There was a sudden thump overhead and in the next moment Tim’s son, Jackie (slim, dark, the generic crew cut, Keds, blue jeans, twelve and a half years on this earth) was pounding down the stairs, across the room and out the front door and into the night while thirty pairs of eyes watched him go. The door slammed and everyone turned back to Tim.

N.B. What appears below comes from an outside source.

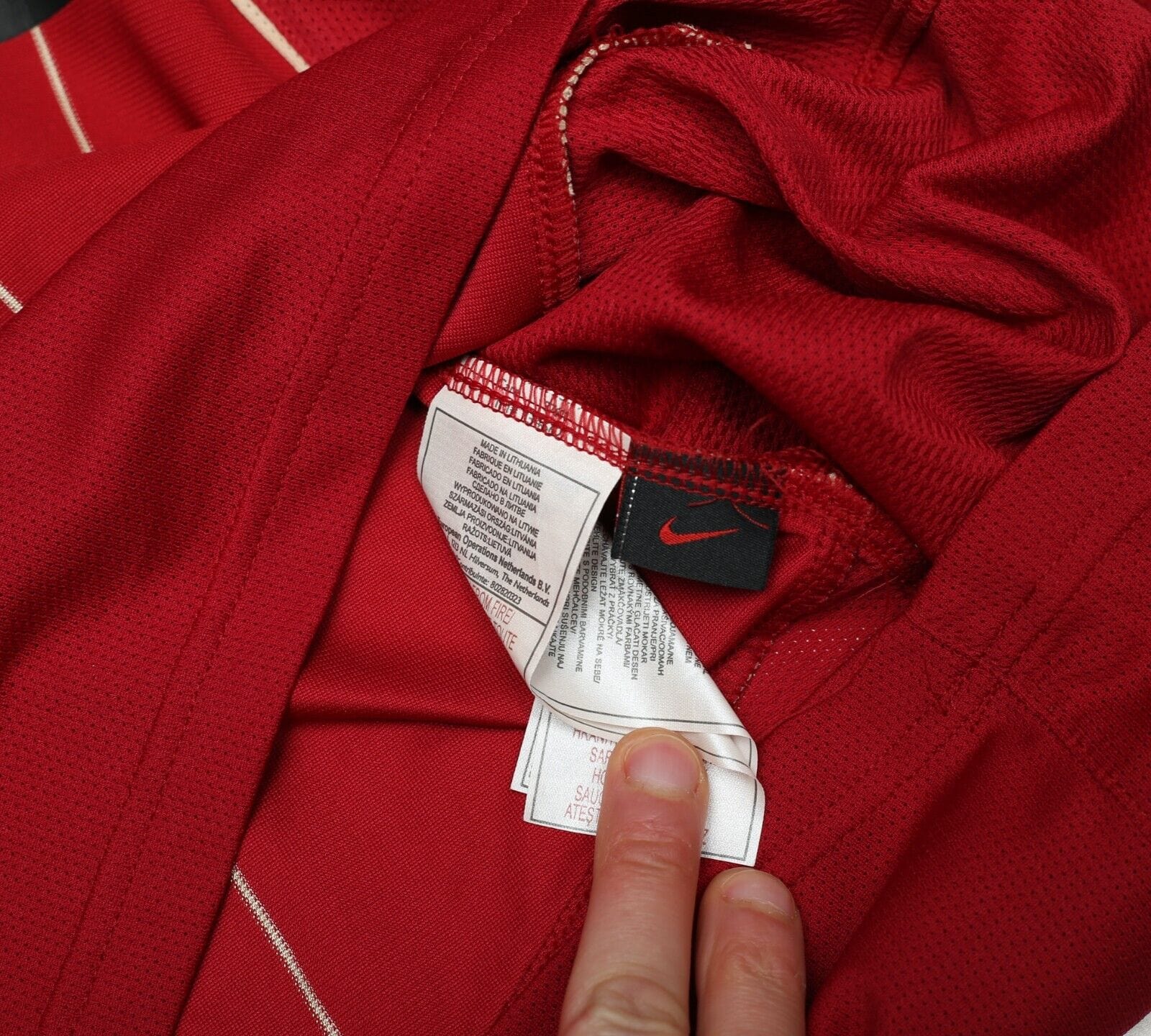 2005/06 RC LENS Vintage Nike Away Football Shirt Jersey (L)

“That was Jackie,” he said, “off on an urgent mission,” and he paused, grinning, to show that this was a joke and give people time to reward him with a rueful chuckle, the icebreaker, but Fitz wasn’t laughing: he was frozen in place by what he’d just heard. LSD? He’d barely had time to absorb his impressions of the last session and now Tim expected him—them—to try something infinitely more powerful, no matter how small the dose? The thing that had made Hollingshead Hollingshead? And where was he anyway? You’d think he wouldn’t miss this for the world.
“All right,” Tim said, “is everybody with me? As usual, I’ll be here throughout the session as your guide, and Walter—Walter, where are you?” Fitz saw now
that Pahnke was there, all the way in the back of the room, wearing his leather motorcycle jacket and looking less like a licensed M.D. and Ph.D. candidate in the Divinity School than a juvenile delinquent, as if that would inspire confidence. Of course, he did drive a motorcycle, but to Fitz’s mind the jacket and engineer boots were less about practicality than affectation. And ridiculous too, as if he were embracing academia and rejecting it at the same time. “And Walter’s here also to act in that capacity in case any of you should experience any rough patches—and you will, or you might, who can say, but my advice is to ride them out, that’s all, because you are in for the experience of your lives.”
He paused, glanced round the room at the expectant faces, couples holding hands, the shimmer of the cocktail glasses catching the light, everything ticking down to the moment of release, then added, “The questionnaires, please, as usual. And I’d appreciate your reports within the next forty-eight hours or so.” Another pause, the grin holding steady as if to say everything’s just fine, copacetic, and enjoy the trip. “While your impressions are still fresh, entendu?”
If to this point everything had been familiar, right down to Tim’s showing him the pill bottle and even the cardboard box it came in—DELYSID (LSD 25), it read across the label, PHYSICIAN’S SAMPLE, and below it, in capital letters, POISON—nothing beyond that felt even remotely recognizable. The lights dimmed. Tim switched the record to some sort of repetitive Indian music—a raga, somebody said—which was nothing but a nagging presence that went on nagging for what seemed an eternity, and then the drug began to come on, rolling through him like waves mounting successively along an infinite beach. Joanie was there and then she wasn’t, vanished into her own world. Things began to move, but in no delicate way, not the way it’d been the last time, but violently, in screaming ribbons of color, all of it slicing at him till everything visible was sucked down inside him in a free fall that would not and could not end. There was no sex. No touching. No bodies. He was all mind and his mind was a very rough customer, pounding his consciousness into submission, stingy with the glory, stingier with the heights, showing only what he’d suppressed all his life for the very good and excellent reason that to see it, know it, feel it in his innermost being, would destroy him. Images slammed down like heavy sashes shutting one after the other only to open up on the next and the next after that, control a joke, personality a hoax and schizophrenia the only realistic outcome because they didn’t call these drugs psychotomimetics for nothing, did they? Of course, of course. He was losing his mind and what other result could he have expected?